UN warns against Red Sea crisis escalation, as disrupted shipping prompts Africa price concerns

The United Nations has warned against escalation in the Red Sea following multiple airstrikes by US and UK forces targeting Houthi rebels in Yemen who have vowed fierce retaliation.
“These developments in the Red Sea and the risk of exacerbating regional tensions are alarming,” the UN Assistant Secretary-General, Khaled Khiari, has said, calling for the UN Security Council to continue its efforts to prevent the escalation of the conflict in the Middle East. This comes as US Navy on Friday (12 January) warned American-flagged vessels to steer clear of areas around Yemen in the Red Sea and the Gulf of Aden for the next 72 hours. US military and White House officials also said they expected the Houthis to try to strike back after the Iranian-backed rebel group vowed fierce retaliation for the US-led bombardment, which further increases the prospect of a wider conflict in the region.

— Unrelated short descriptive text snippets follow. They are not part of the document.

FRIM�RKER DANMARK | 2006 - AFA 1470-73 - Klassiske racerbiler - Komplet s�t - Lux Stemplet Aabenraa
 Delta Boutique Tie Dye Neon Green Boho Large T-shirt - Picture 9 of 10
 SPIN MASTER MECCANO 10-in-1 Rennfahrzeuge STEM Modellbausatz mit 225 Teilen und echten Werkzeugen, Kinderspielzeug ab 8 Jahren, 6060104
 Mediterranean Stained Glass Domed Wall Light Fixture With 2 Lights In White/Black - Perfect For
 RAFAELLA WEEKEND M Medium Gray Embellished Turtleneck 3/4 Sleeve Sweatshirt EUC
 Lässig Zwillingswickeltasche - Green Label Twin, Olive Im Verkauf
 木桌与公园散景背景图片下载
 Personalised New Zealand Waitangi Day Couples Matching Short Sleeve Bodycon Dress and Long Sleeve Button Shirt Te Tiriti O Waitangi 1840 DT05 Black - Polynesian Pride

The US warning to international shipping companies will likely further aggravate the disruption to global supply chains caused by Houthi attacks on Red Sea shipping. This could hit African countries, including Ghana, Ethiopia, Nigeria and Egypt, struggling with rising prices. The prospect of a wider conflict is expected to further drive up inflation and raise the prices of essential commodities such as oil and gas, posing problems for import-heavy African countries who are already struggling with a large trade deficit and rising prices. For ships traveling from Asia to Europe or North America, the diversion — to reroute from the Red Sea to sail around the Cape of Good Hope — adds around 6,000 nautical miles to the journey and can delay delivery times by up to a month.